Bill,
If you need only the frequency, least-squares doesn't help a lot; all
you need are the first and last points during the measurement interval.
The NIST LOCKCLOCK and nptd FLL disciplines compute the frequency
directly and exponentially average successive intervals. The NTP
discipline is in fact a hybrid PLL/FLL where the PLL dominates below the
Allan intercept and FLL above it and also when started without a
frequency file. The trick is to separate the phase component from the
frequency component, which requires some delicate computations. This
allows the frequency to be accurately computed as above, yet allows a
phase correction during the measurement interval.
Dave
Unruh wrote:
> David Woolley <[EMAIL PROTECTED]> writes:
>
>
>>Unruh wrote:
>
>
>>>I do not understand this. You seem to be measuring the offsets, not the
>>>frequencies. The offset is irrelevant. What you want to do is to measure
>
>
>>Measuring phase error to control frequency is pretty much THE standard
>>way of doing it in modern electronics. It's called a phase locked loop
>
>
> Sure. In the case of ntp you want to have zero phase error. ntp reduces the
> phase error slowly by changing the frequency. This has the advantage that
> the frequency error also gets reduced (slowly). He wants to reduce the
> frequency error only. He does not give a damn about the phase error
> apparently. Thus you do NOT want to reduce the frequecy error by attacking
> the phase error. That is a slow way of doing it. You want to estimate the
> frequency error directly. Now in his case he is doing so by measuring the
> phase, so you need at least two phase measurements to estimate the
> frequency error. But you do NOT want to reduce the frequency error by
> reducing the phase error-- far too slow.
>
> One way of reducing the frequency error is to use the ntp procedure but
> applied to the frequency. But you must feed in an estimate of the frequecy
> error. Anothr way is the chrony technique. -- collect phase points, do a
> least squares fit to find the frequency, and then use that information to
> drive the frequecy to zero. To reuse past data, also correct the prior
> phase measurements by the change in frequency.
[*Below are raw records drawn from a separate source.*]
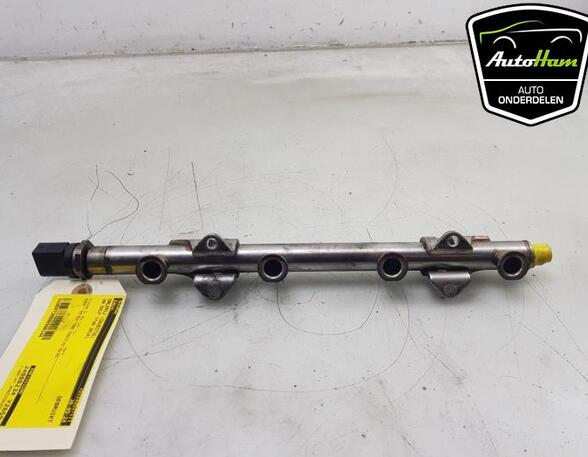 Petrol Fuel Rail AUDI A3 Sportback (8VA, 8VF)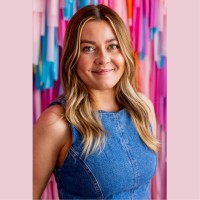 Moo & Goo Employee Alice Evans's profile photo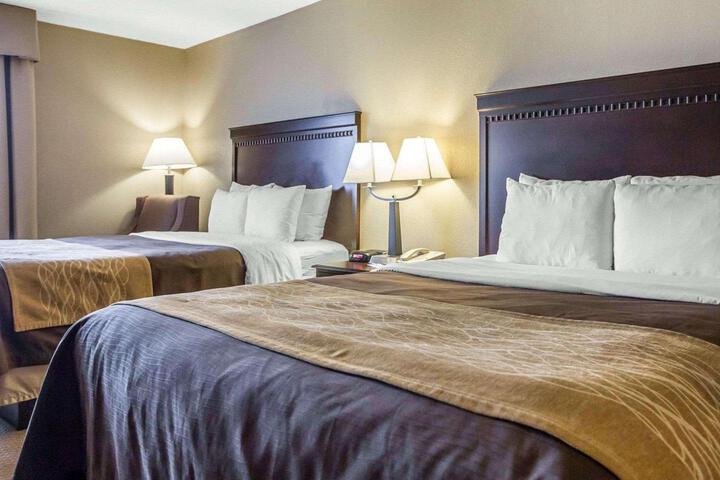 2 Queen Beds (8 of 9)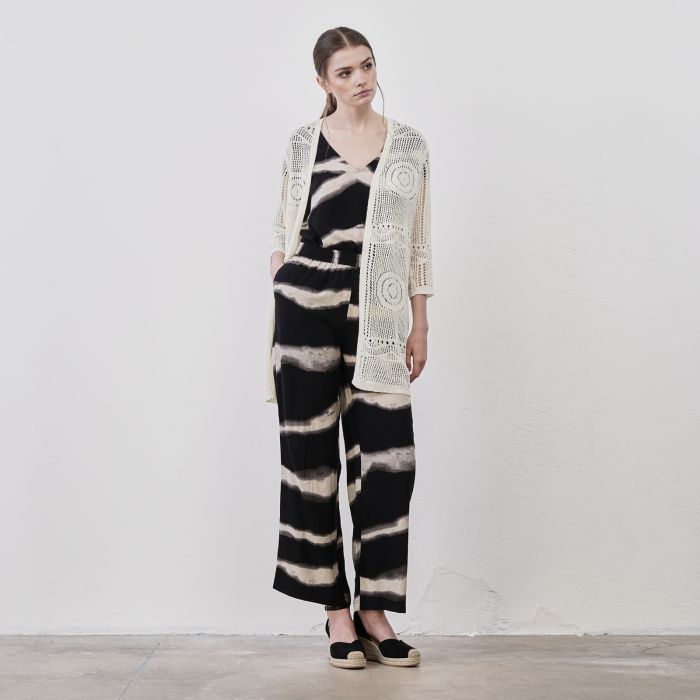 Cardigan bianco da donna in tessuto traforato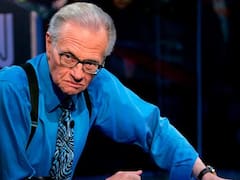 El legendario periodista estadounidense Larry King está internado por Covid-19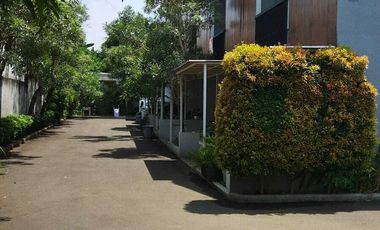 Rumah 2 lantai di Bintaro Cluster ada Private kolam renang Dewasa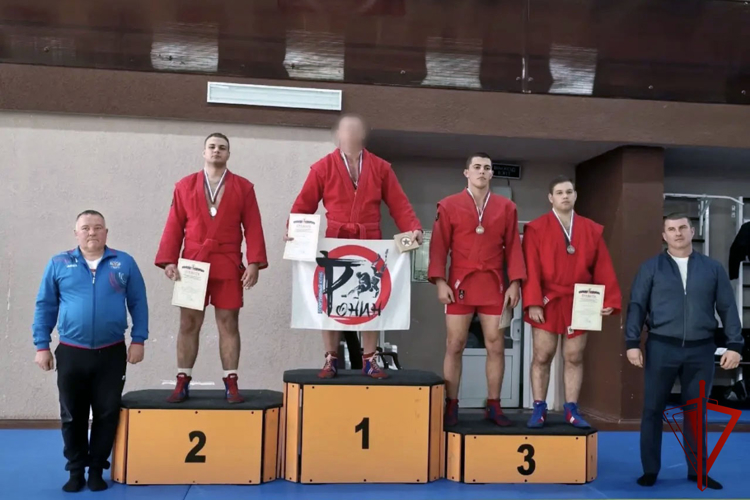 Офицер СОБР «Дон» Росгвардии взял золото городского чемпионата по самбо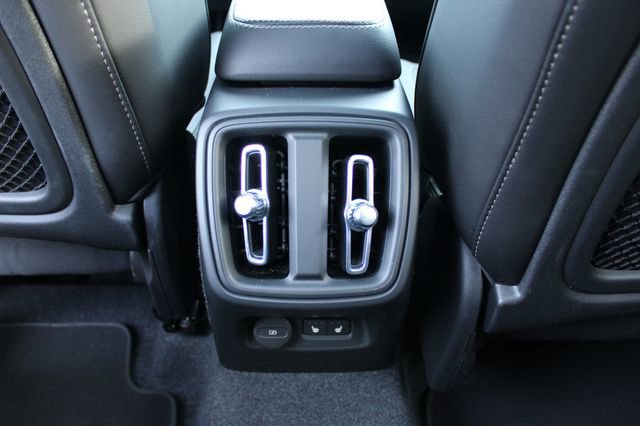 Used 2025 Volvo XC40 B5 Core image 36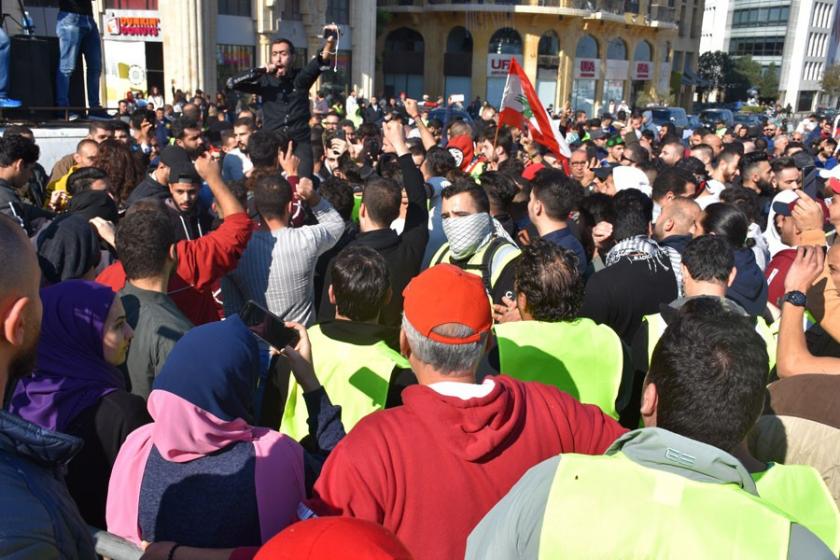 Lübnan'da emekçiler yeni hükümetin kurulması talebiyle greve çıktı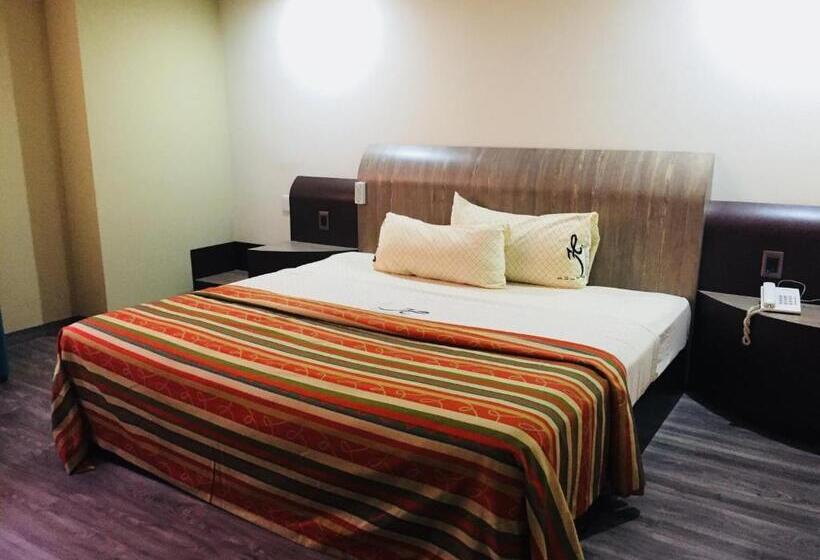 ホテル California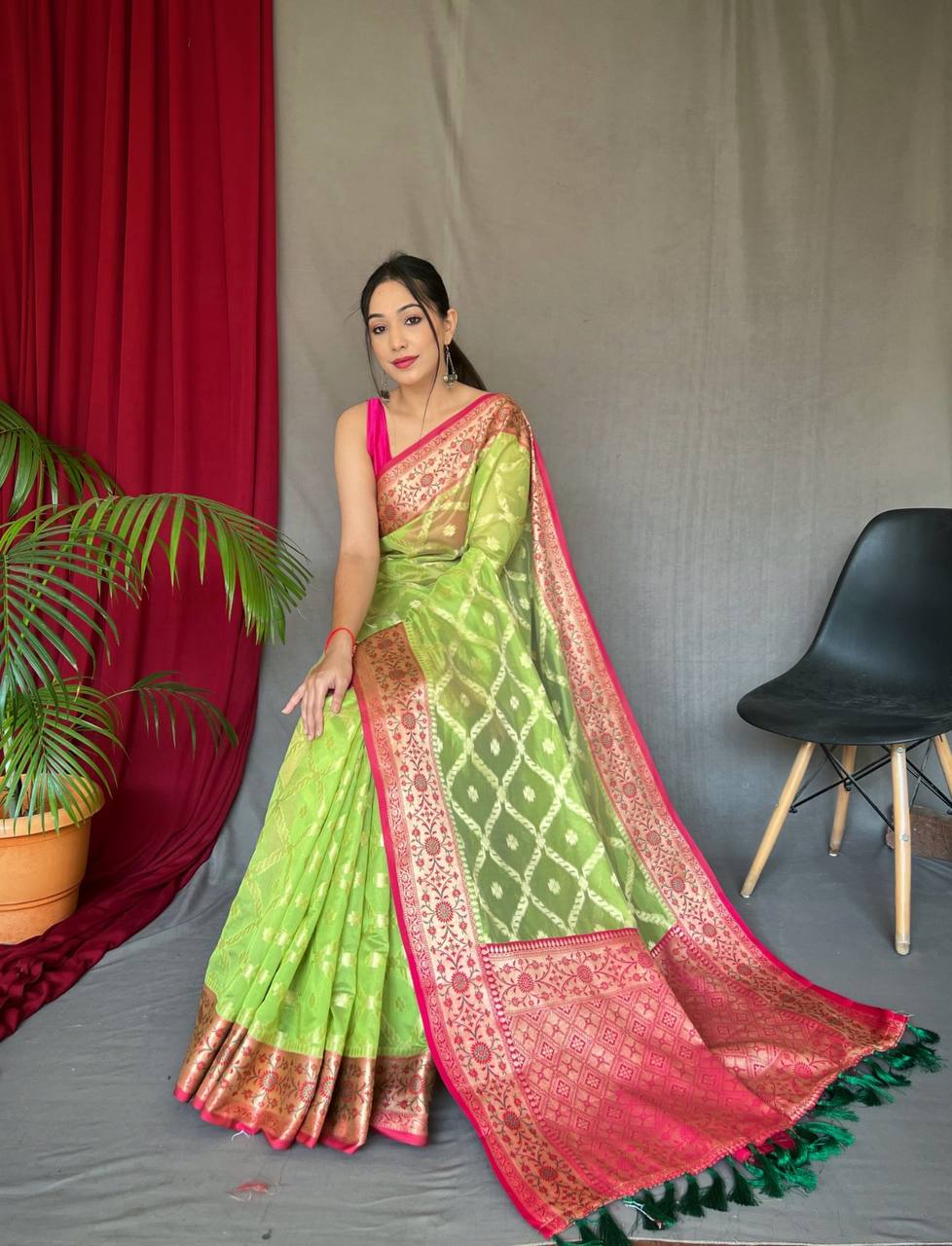 Green Pure Organza Weaved Saree With Jacquard Border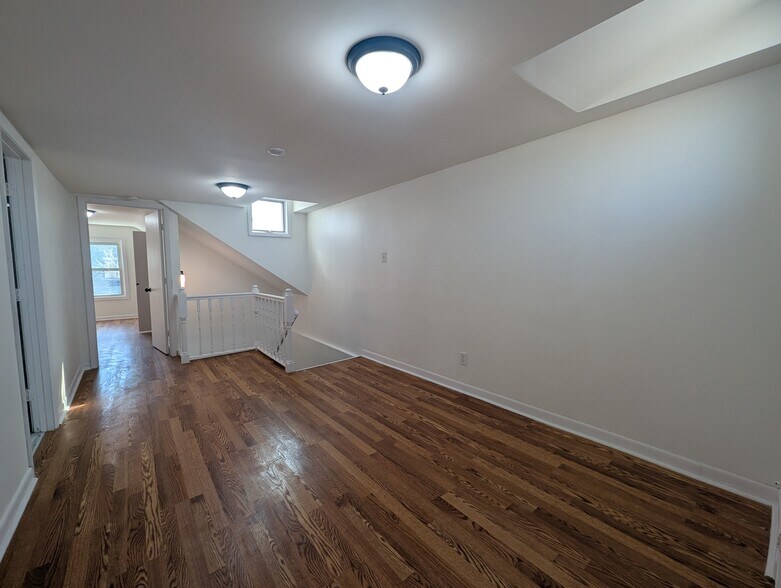 Building Photo - 1520 W Melrose St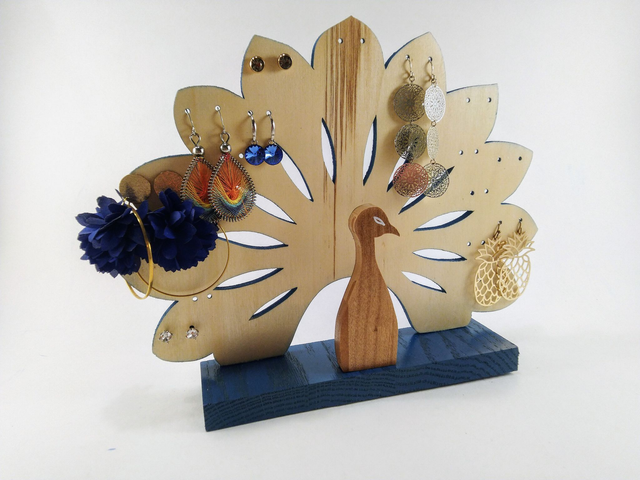 Support à boucles d'oreilles Léon le paon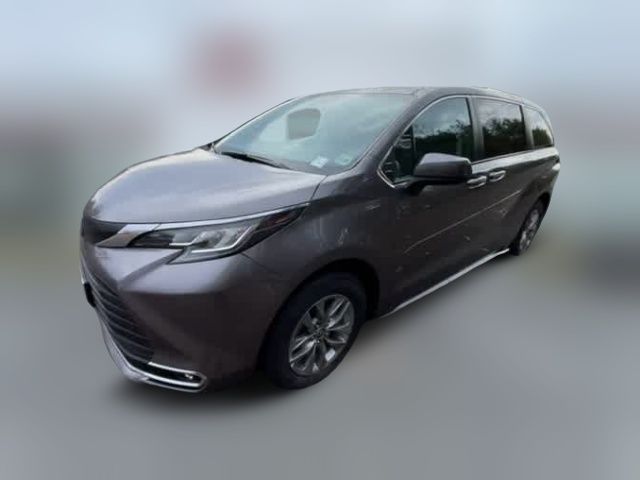 2022 Toyota Sienna XLE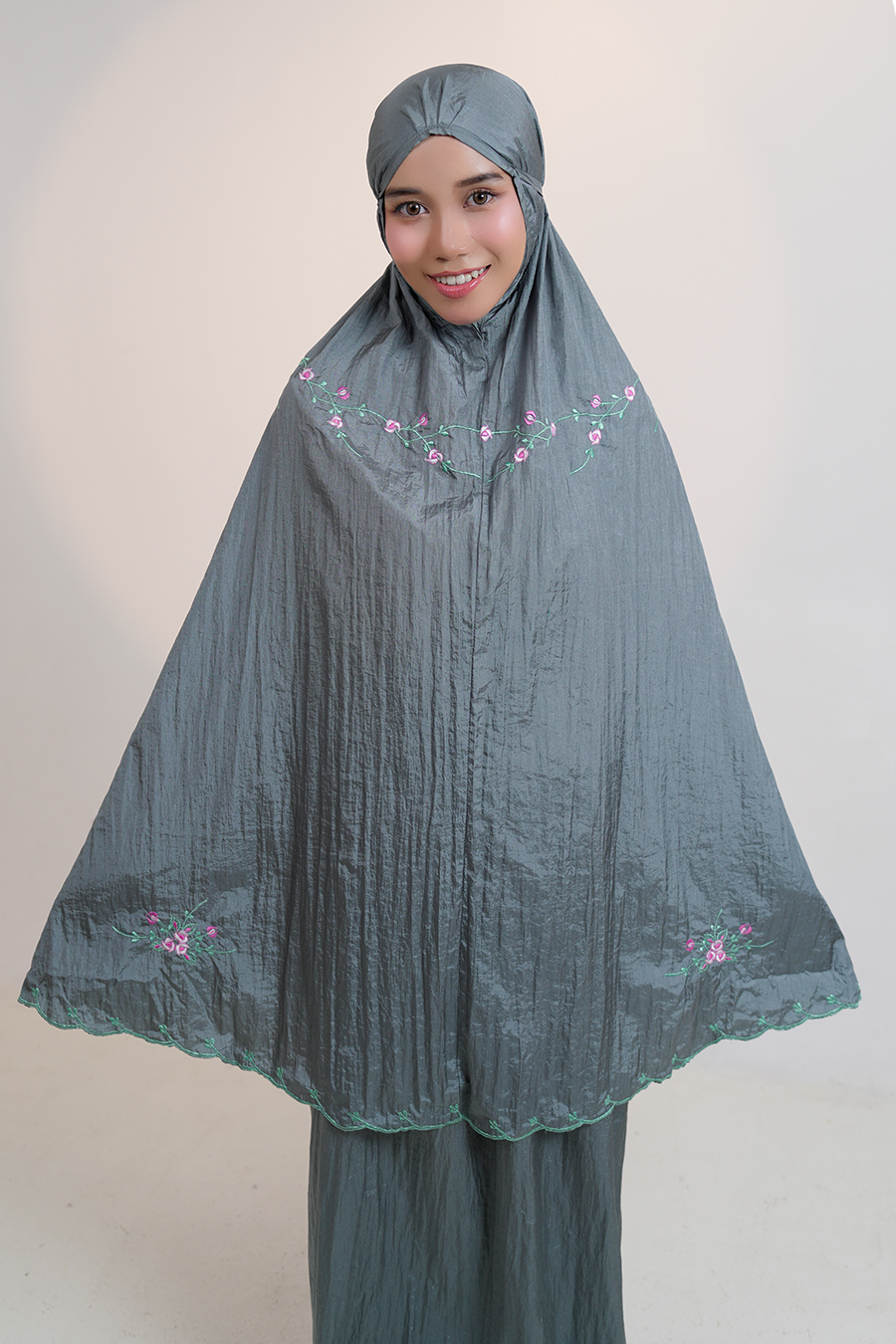 Travel Roses in Grey Prayer Wear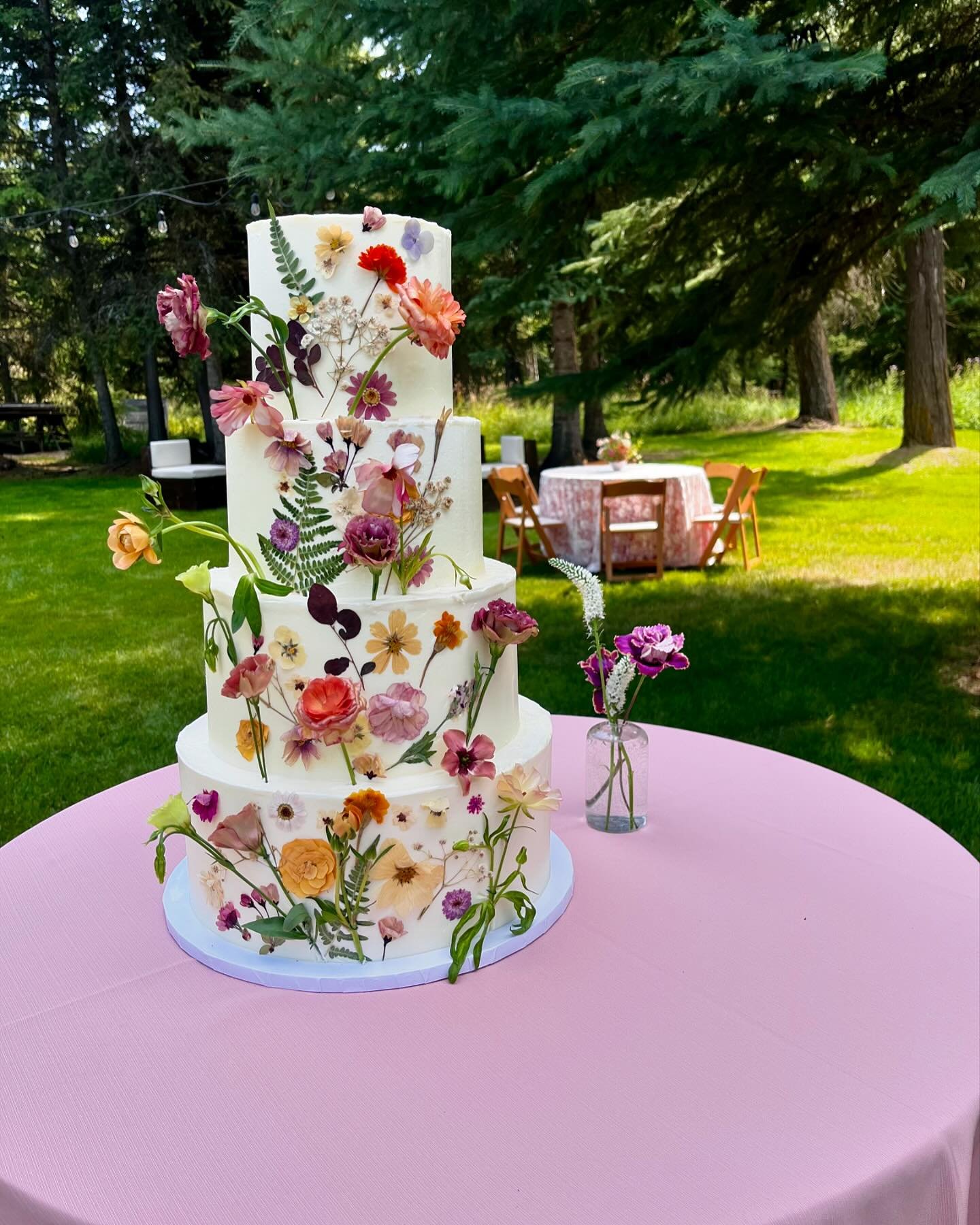 Bringing some garden party dreams to life 💐I love the combo of pressed and fresh flowers. 

Martta and Abram wanted to keep their cake up all night as part of the decor but still wanted cake for guests. So we opted for a dummy display cake with 1 ti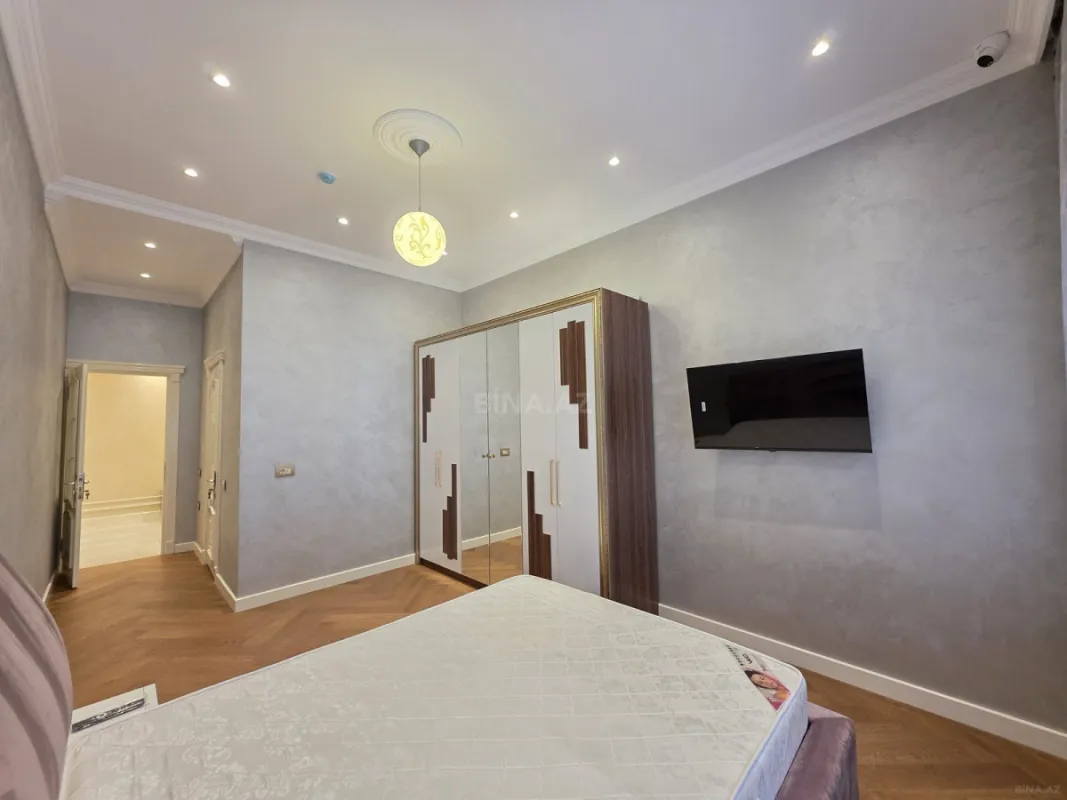 Kirayə verilir 3 otaqlı mənzil 170 m²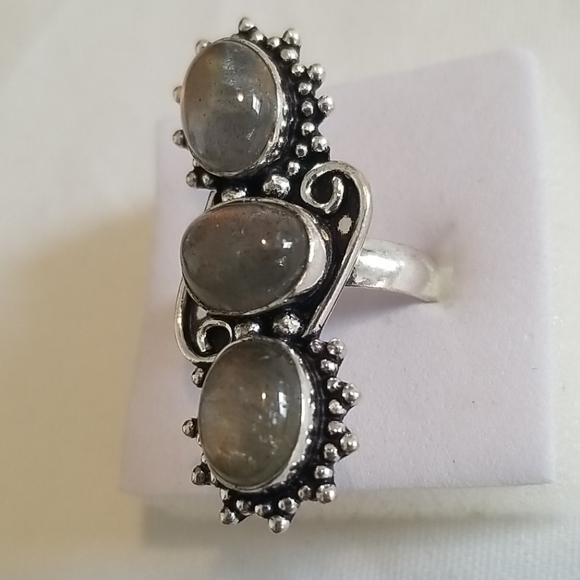 Vintage 3 stone Labradorite Silver Ring - Picture 3 of 7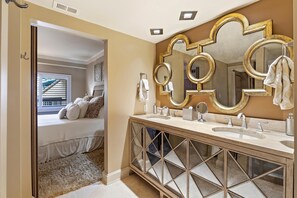 Condo, 1 King Bed, Private Pool | 1 bedroom, Egyptian cotton sheets, premium bedding, Tempur-Pedic beds - The Pearl at Shelter Cove (Hilton Head Island)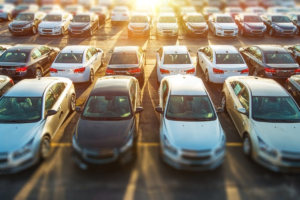 car-parked-in-auto-dealer-lots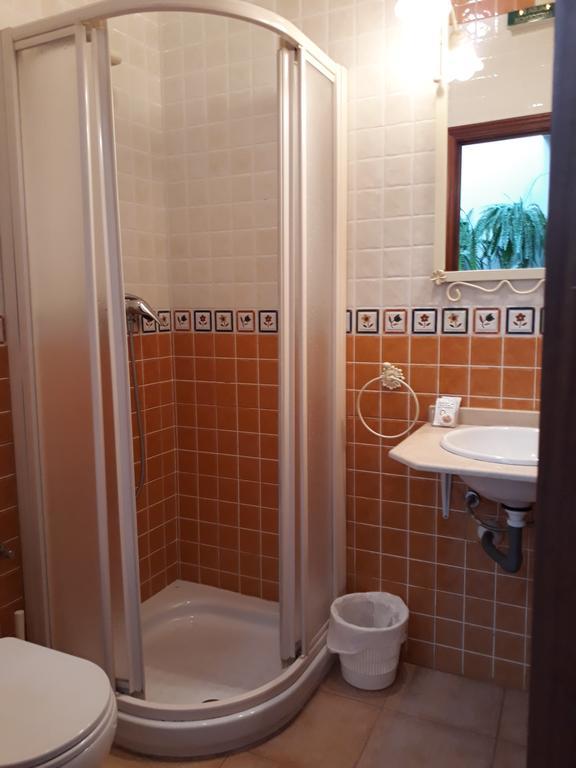 Twin Room with Private External Bathroom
> (t_{i-j}-=(t_{i}-t_{i-j}) df
>
>
>>(PLL) and it is getting difficult to find any piece of electrnics that
>>doesn't include one these days. E.g. the typical digitally tuned radio
>
>
> A PLL is a dirt simply thing to impliment electronically. A few resistors
> and capacitors. It however is a very simply Markovian process. There is far
> more information in the data than that, and digititally it is easy to
> impliment far more complex feedback loops than that.
>
>
>
>>or TV has a crystal oscillator, which is divided down to the channel
>>spacing or a sub-multiple, and a configurable divider on the local
>>oscillator divides that down to the same frequency. The resulting two
>>signals are then phase locked, by measuring the phase error on each
>>cycle, low pass filtering it, and using it to control the local
>>oscillator frequency, resulting in their matching in frequency, and
>>having some constant phase error.
>
>
>>>the offset twice, and ask if the difference is constant or not. Ie, th
>>>eoffset does not correspond to being off by 5Hz.
>
>
>>ntpd only uses this method on a cold start, to get the initial coarse
>>calibration. Typical electronic implementations don't use it at all,
>>but either do a frequency sweep or simply open up the low pass filter,
>>to get initial lock.
>
>
> And? You are claiming that that is efficient or easy? I would claim the
> latter. And his requirements are NOT ntp's requirements. He does not care
> about the phase errors. He is onlyconcerned about the frequency errors.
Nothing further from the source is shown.